Bandeiras do Brasil e dos Estados Unidos
Divulgação/Embaixada dos EUA/Agência Brasil
Os Estados Unidos responderam, nesta segunda-feira (10), à manifestação do Brasil junto à Organização Mundial de Comércio (OMC) sobre as tarifas extras impostas por eles a produtos brasileiros.
Na resposta, Washington se disse pronto para conversar e atender ao pedido de consultas feito pelo governo brasileiro.
“Os Estados Unidos aceitam o pedido do Brasil para participar das consultas. Estamos prontos para dialogar com as autoridades da sua missão em uma data mutuamente conveniente para consultas”, respondeu o governo norte-americano.
O Brasil apresentou seus argumentos como um pedido de consultas aos Estados Unidos no sistema de solução de controvérsias da OMC. O documento expõe o cenário, inclusive com as alegações dos EUA de serem tratados de forma discriminatória pelo Brasil.
O pedido de consultas representa a primeira etapa formal do sistema de solução de controvérsias da OMC. Nessa fase, os países buscam negociar uma solução para o conflito antes da eventual instalação de um painel para analisar o caso.
O Brasil se manifestou junto à OMC no dia 27 de julho e argumentou que as tarifas aplicadas pelos Estados Unidos são “inconsistentes” com as regras definidas pela entidade.
“As medidas em questão [tomadas pelos EUA] parecem ser inconsistentes com as obrigações dos EUA sob o Acordo Geral de Tarifas e Comércio 1994”, afirmou o Brasil.
O pedido de consultas representa a primeira etapa formal do sistema de solução de controvérsias da OMC. Nessa fase, os países buscam negociar uma solução para o conflito antes da eventual instalação de um painel para analisar o caso.
China se manifesta no pedido do Brasil
Autoridades do governo chinês também se manifestaram no mesmo pedido de consultas feito pelo Brasil e pediram autorização para participar das consultas. A China é o maior parceiro comercial do Brasil.
“China tem um interesse comercial substancial nessas consultas”, disse o documento.

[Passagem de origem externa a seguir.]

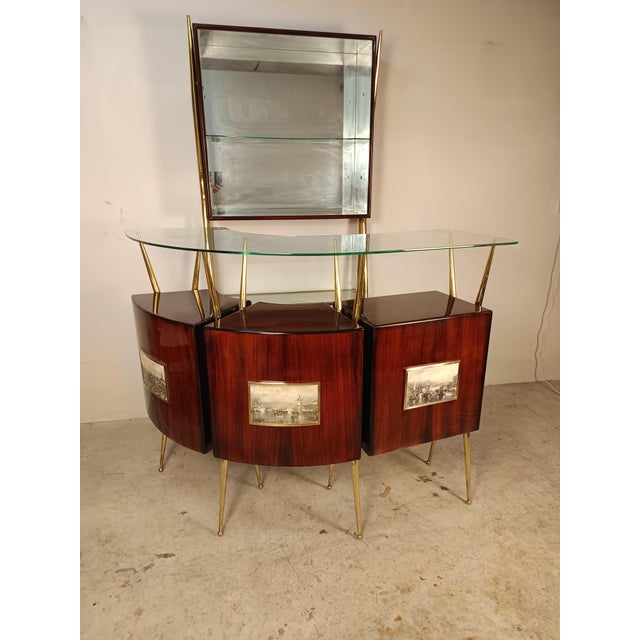 Mobile Bar in the style of Gio Ponti, 1950s, Set of 2 For Sale - Image 5 of 11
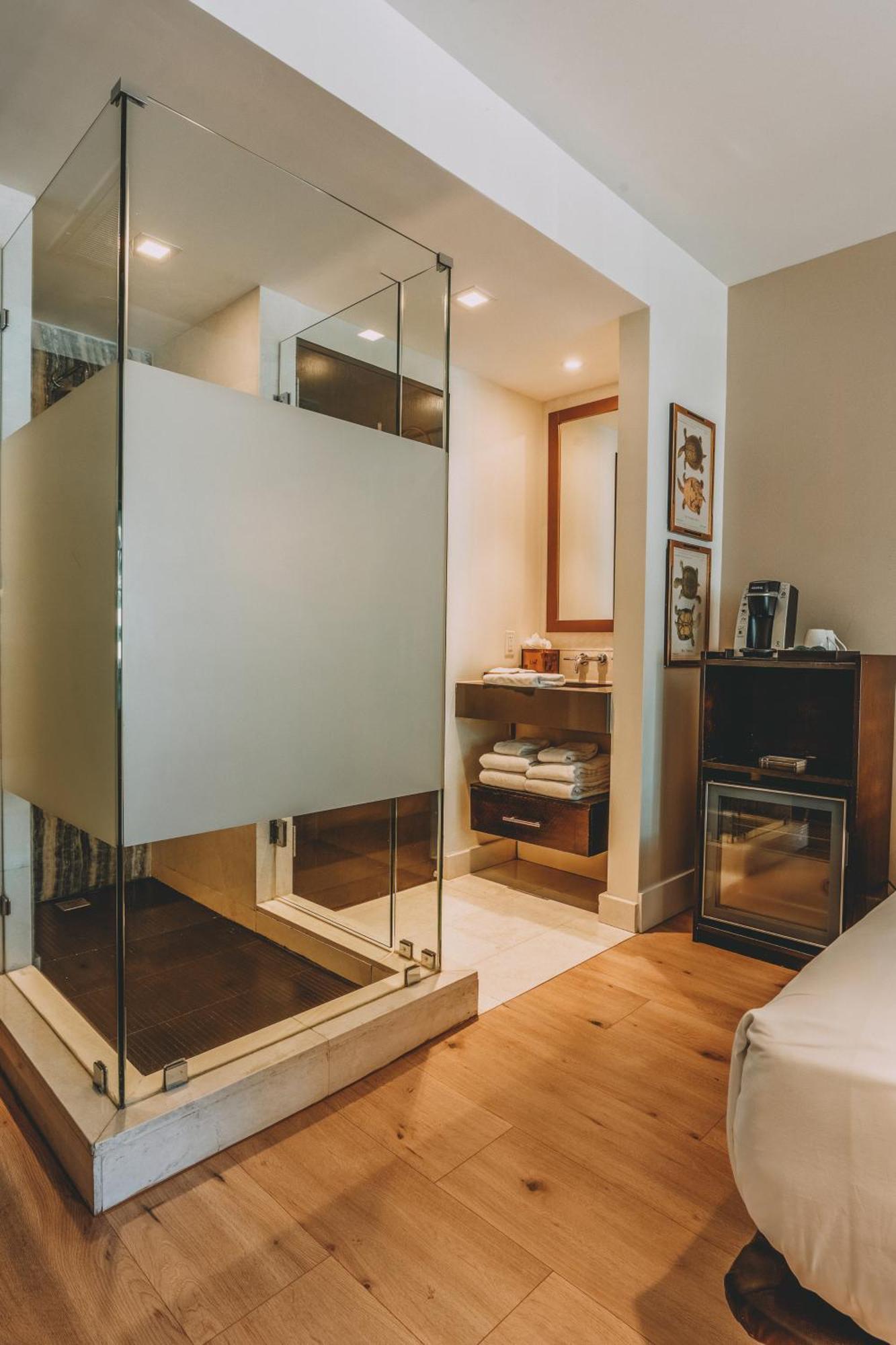Quarto premium com cama king-size e vista da cidade - Uso individual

A China afirma que os EUA também impuseram “certas medidas” a produtos originados no país.
“Essas medidas afetam todas as exportações da China aos Estados Unidos, sujeitas a isenções específicas, e em particular as condições de competição para esses produtos originados na China e vendidos ao mercado estadunidense, como resultado de tarifas adicionais impostas. A China, portanto, solicita respeitosamente que seja permitida sua participação nas consultas nesta disputa”, acrescentou.
Brasil aciona OMC contra tarifaço
No final de julho, o governo brasileiro apresentou um pedido de consultas aos Estados Unidos no sistema de solução de controvérsias da OMC, contestando duas medidas tarifárias adotadas pelo país norte-americano com base na Seção 301 da Lei de Comércio de 1974.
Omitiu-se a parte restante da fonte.